Successful Electrification May Require Cooperation with China as the Fight Over Battery-Grade Materials Ramps Up

Battery-Grade Materials in Short Supply

        Due to China’s growing control of the world’s supply of battery-grade materials, it’s possible nobody will be successful transitioning to EVs without having some type of cooperation with China.

Image from Tesla’s announcement of the beginning of construction on their in-house lithium refinery in Corpus Christi, Texas. Image via Tesla [linked].

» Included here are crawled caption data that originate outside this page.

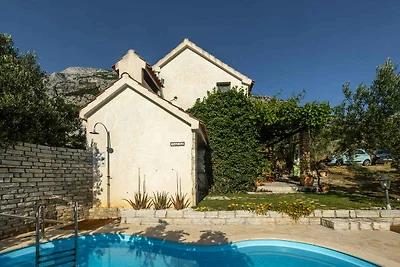 Villa mit Klimaanlage und Pool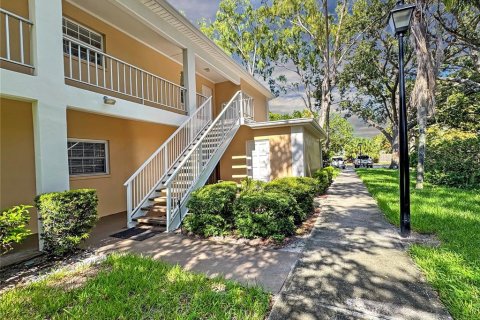 Condominio en alquiler en Seminole, Florida, 2 dormitorios, 83.15 m2 № 1878108 - foto 2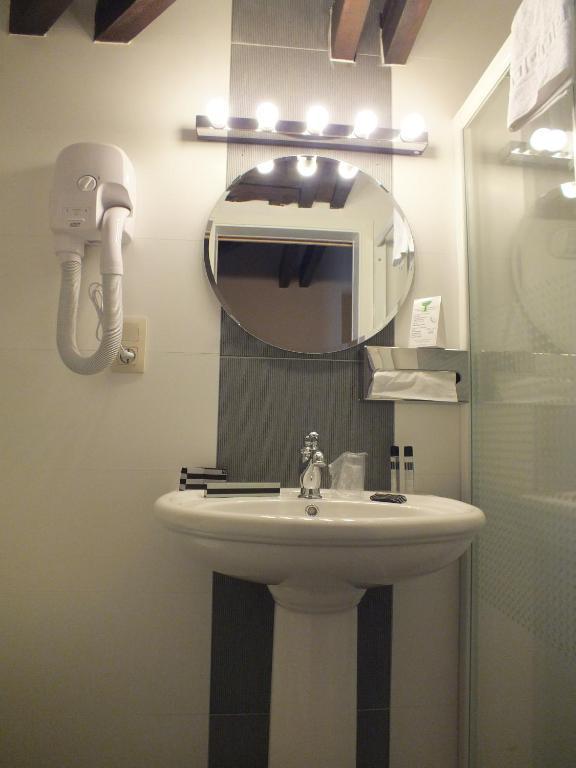 A Fleur De Couette Hotell Auvelais Rum bild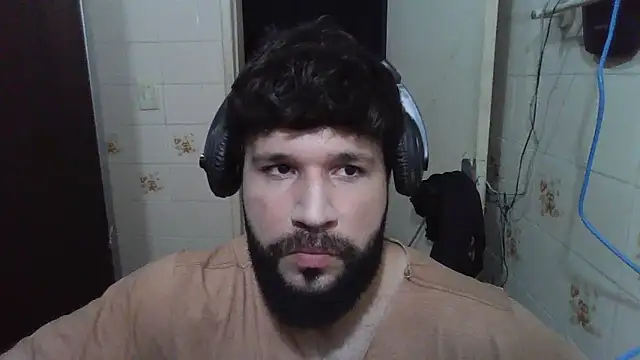 Snapshot of Cauan-t chatting on 01.13.25 Cauan-t online show from 01.13.25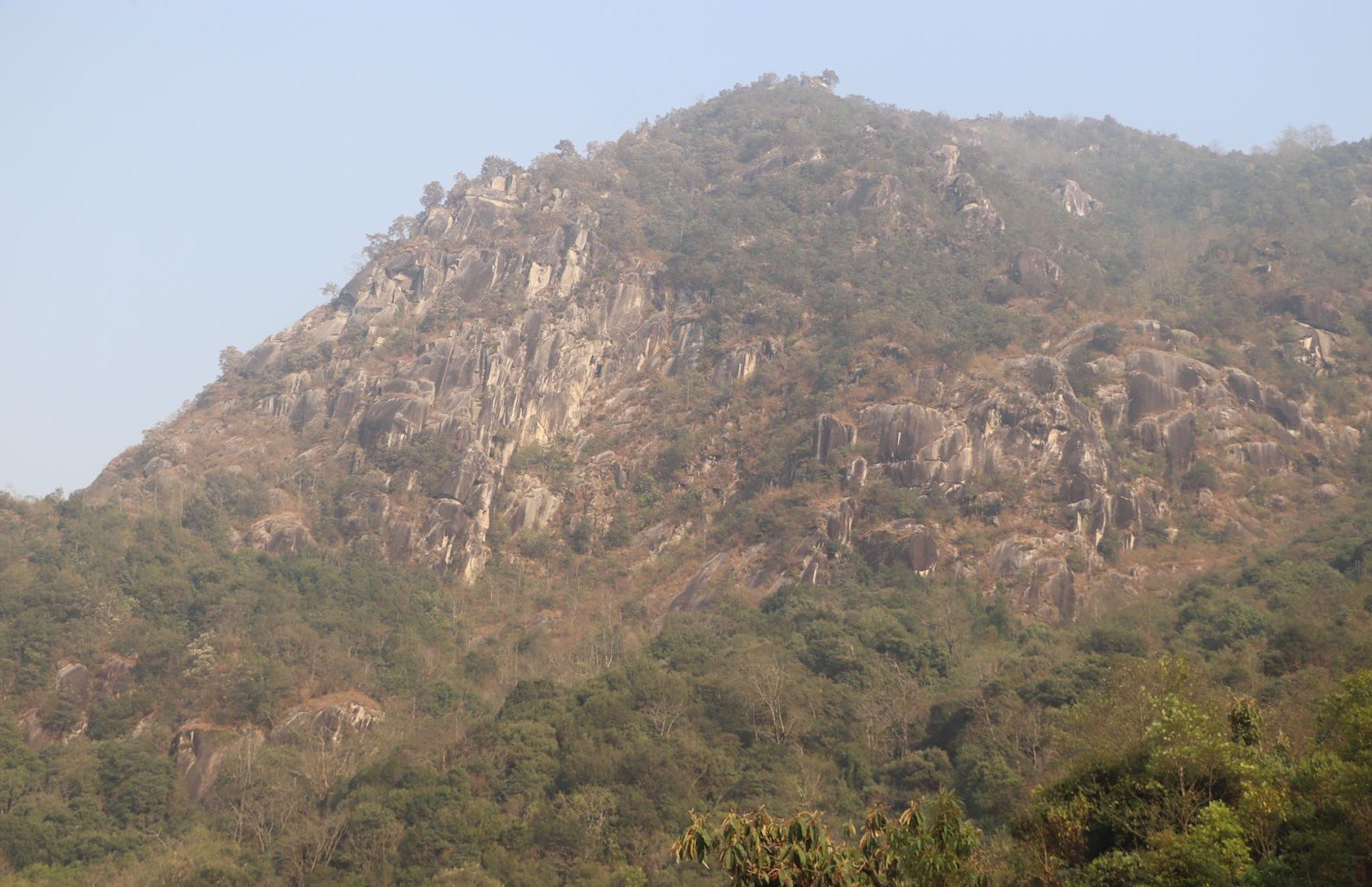 पर्यटकको पर्खाइमा ऐतिहासिकस्थल ‘गोल्मे राजा, गोल्मे रानी’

Tesla: Too Little Too Late?

         In May 2023 Tesla started building their $375 million lithium refinery in Texas, expected to be completed in two years. This comes at a time when almost all precious metals mined domestically are shipped to China to be refined into battery-grade materials. With its relative monopoly on processing aside, China is well ahead of the competition in the EV battery industry in terms of establishing and securing itself a steady supply of these materials.
            According to a recent New York Times article, China owns most of the cobalt mines in Congo (41% of the world’s scarce supply), owns the most mining for lithium, and will be the largest controller of nickel soon.
          So amidst China’s market domination and the related deglobalisation of new energy supply chains, the U.S. is still looking to secure its place in the industry to ensure that its own supply of battery-grade materials doesn’t depend on China, a nation with which our diplomatic ties are, at best, tricky. Tesla’s lithium processing facility is a major step towards that, albeit just one.
          Venkat Srinivasan, Former Director of the Argonne National Library’s Argonne Collaborative Center for Energy Storage Science, takes an honest assessment of the U.S.’s current situation,

“Where is the supply? We don’t make electrode materials. We don’t make materials that go into the rest of the battery. We don’t process the minerals. We don’t even mine them.”

           Lithium has widely been dubbed the “new white gold”, or in some cases, “the new oil”; dissimilar to oil, lithium batteries can be used, reused, and recycled.         

          So while we are immensely behind in terms of securing our own supply of battery materials, some argue that we should switch our focus to the processes necessary to recycle these materials for reuse, back into battery-grade materials.
          Of course, in order for this to come to fruition it needs to become an economically viable pursuit. For now, the scarcity of these materials alone does not make it make sense. Instead, the focus is shifting to interventions that may make battery recycling more profitable. The California EPA formed an advisory committee in early 2022 that explored and later published a piece on how to improve U.S. Lithium-ion battery recycling rates.
          According to their policy recommendations (page 36), the transportation of these materials is estimated to be between 40-60% of the EOL costs. Their proposed solution is to create a collection system “with strategic infrastructure that enables batteries to be regionally accumulated prior to transport” (36). This solves two issues: transport becomes more cost-effective and transport-related emissions are reduced.
          This solution also solves another pertinent issue in the world of battery recycling: responsibility. The California EPA’s working group highlights how complicated the second-life industry is. There are many players in this space with unclear boundaries on where their work begins and ends. A centralized battery recycling facility might be what dealerships, auto-dismantlers, insurance auctions, and scrap-metal recycling facilities need in order to begin working together.

*SHiFT Enters the Chat*

         SHiFT has begun the process of building collaboration and trust between different actors in the industry and part of the motivation behind this is to build the foundation for a circular recycling system for all parts of a vehicle. Good things happen when skilled individuals work together.
          All in all, the business of battery making has huge capital costs and thin profit margins. If the upfront capital costs can be avoided via the use of more recycled materials there is a real opportunity to make electrification cheaper, and therefore more accessible.
          Getting ahead of full-scale electrification and setting up a more circular economy before these vehicles reach their EOL points might just be the only way left for the U.S. to secure themselves a supply of the materials, namely the precious metals, necessary for EV production at scale.